2008 has taught me many things. Here are the most important ones.
#1. Obtaining competent and compassionate health care is my responsibility. I’m just one of millions of people that have lupus. If I took a passive stance about managing my life with this disease I think I’d be in a mental institution by now. This disease is complicated and no two people suffer with identical problems. In 2008 I managed to change rheumatologists, obtain second opinions from dermatologists, investigate alternative care therapies, and transferred off-label lupus medications to a specialty pharmacy. I researched clinical trials about photosensitive skin disorders. I was prepared to go to Johns Hopkins to see the director of the Lupus Clinic. I was relentless. I was also incredibly frustrated. I cried a lot. I saw my therapist on a regular basis. This year I started being my own case manager. Lately, I have trouble remembering what the doctor tells me, or what issues I want to discuss when I have appointments. Now I ask someone to go with me to be my eyes and ears. I demand excellent health care. And even if I get upset, angry and cry, I will not let anything stand in my way of getting honest answers and viable treatment options.
#2. It takes time to recover from unrequited love. As a matter of fact, it takes time to realize you’re hoping for the impossible. I don’t know if I’ll ever be capable of trusting someone with my heart. But I will heal. And it will take as long as it takes.

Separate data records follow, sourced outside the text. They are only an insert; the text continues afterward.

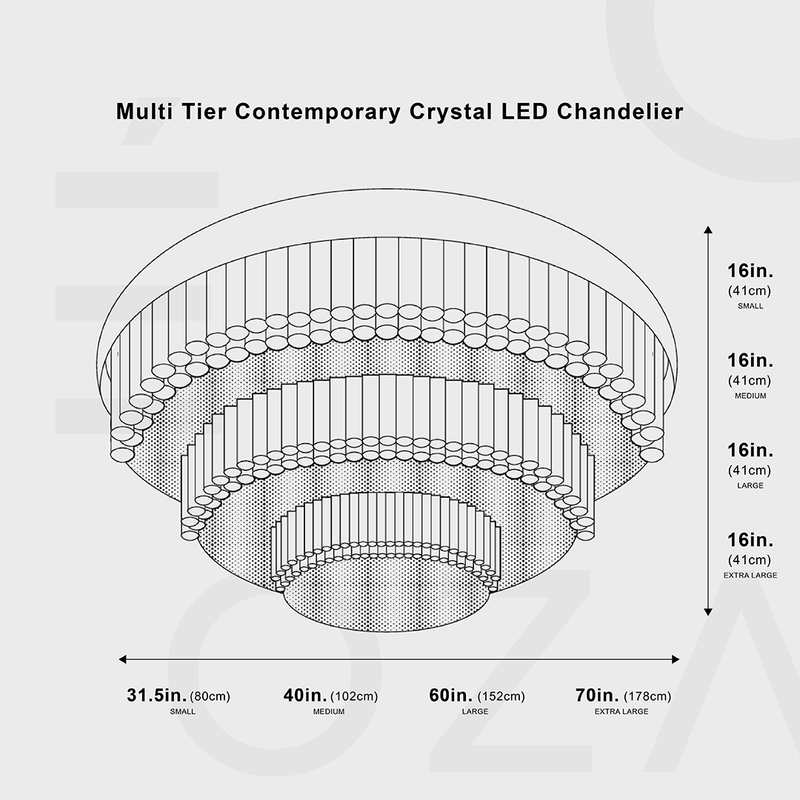 Lustre LED contemporain en cristal à plusieurs niveaux 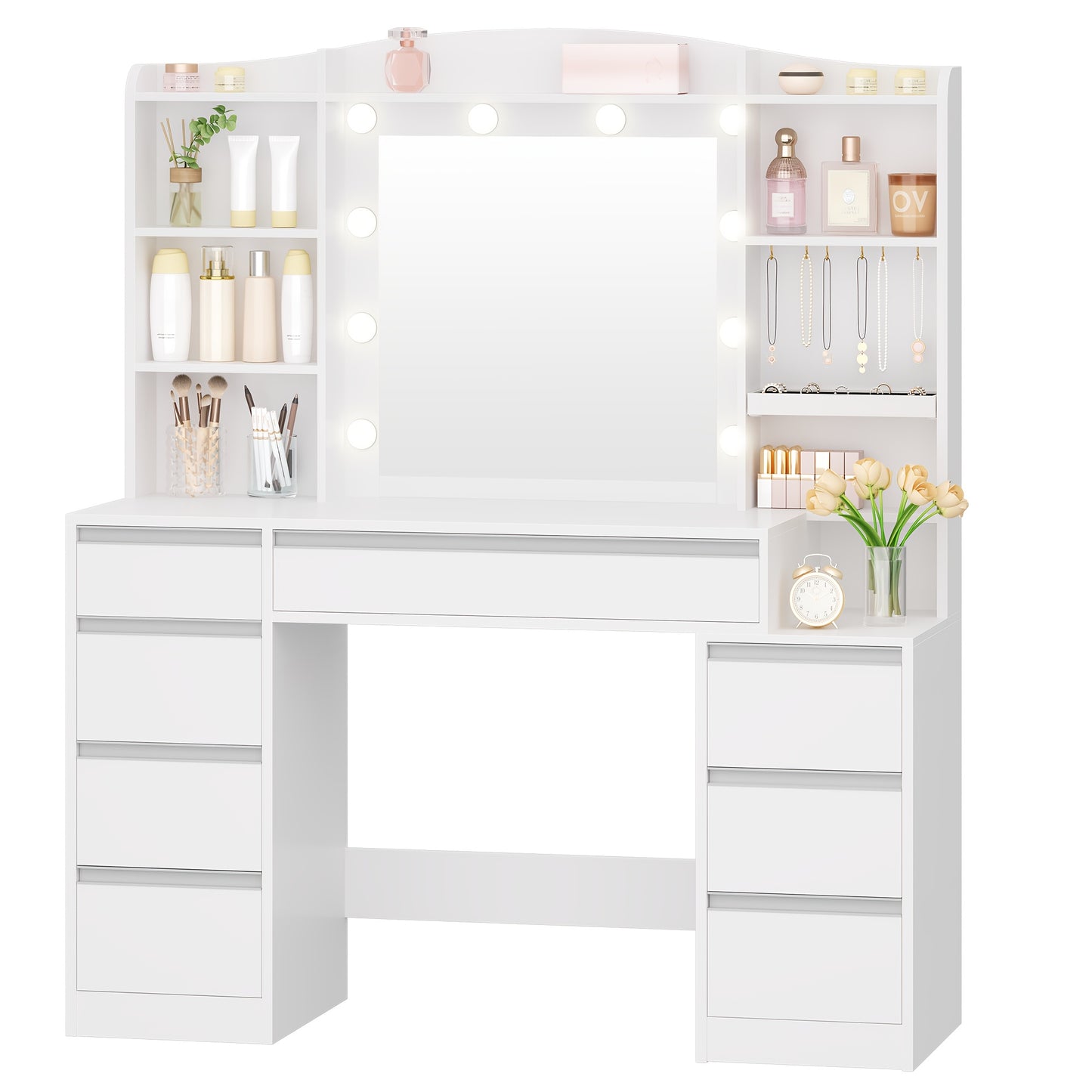 Make-up Tafel – Kaptafel – Schminktisch – Beautytafel – Make-up Organizer – LED Verlichting 3 Kleuren – Groot 90 cm Tafelblad – Wit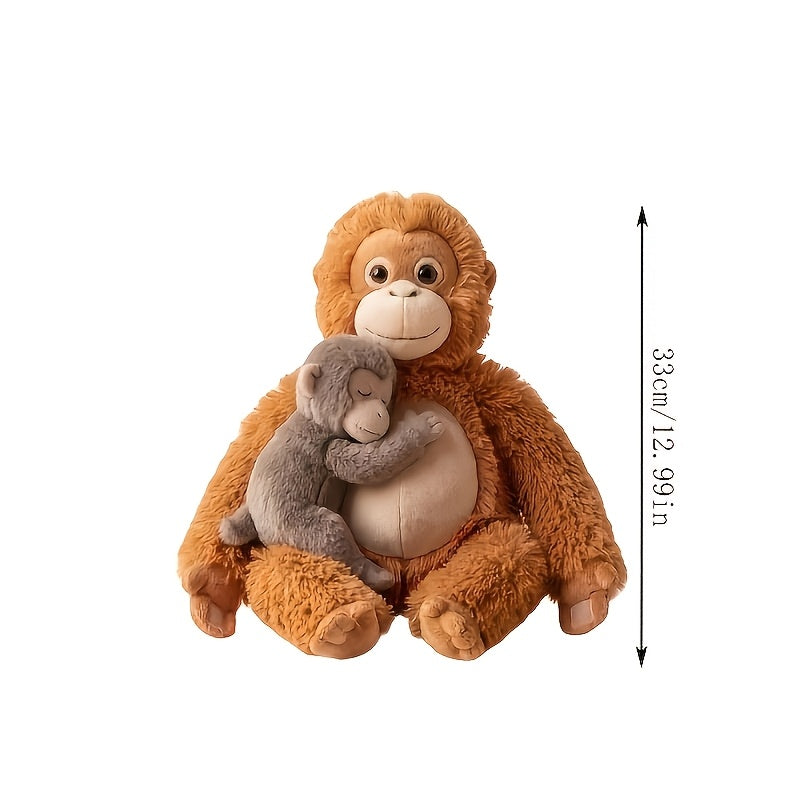 Plush Dog Toy Set, Orangutan Monkey Mom & Baby Cuddle Companions with Soft Fuzzy Texture for Gentle Indoor Play and Pet Lover Gifts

#3. Writing this blog has been a joyful experience. I’m no Dorothy Parker or Ann Raynd, but I do love to write. Writing gives me clarity and great joy. I’m amazed by the support received from friends, strangers and fellow bloggers. Whether I’m writing about lupus or life in general, being able to connect with people who relate to these posts has been an enriching and positive experience. It’s opened up a new world for me and I’m grateful!
#4. Less is more. Less rooms to clean gave me more time to read … or write. Less stress at work lowered my blood pressure. Less debt this year allowed me to have more fun spending the money I do have! Less useless crap in my basement is a blessing. Less prednisone means healthier bones, less dizziness and less bruises.
#5. I still have time. I hope to have years to fill with wonderful, enriching experiences. There are friendships to enjoy and babies to rock. I will travel. There is music to listen to and good books to read. I still have time for long lazy summer days, sitting in the shade at the water’s edge and breathing in fresh air. There is much to learn. There are many things to write and rant about.
#6. I am not my disease. That’s the long and short of living with lupus.
I wish you the very best in the coming year!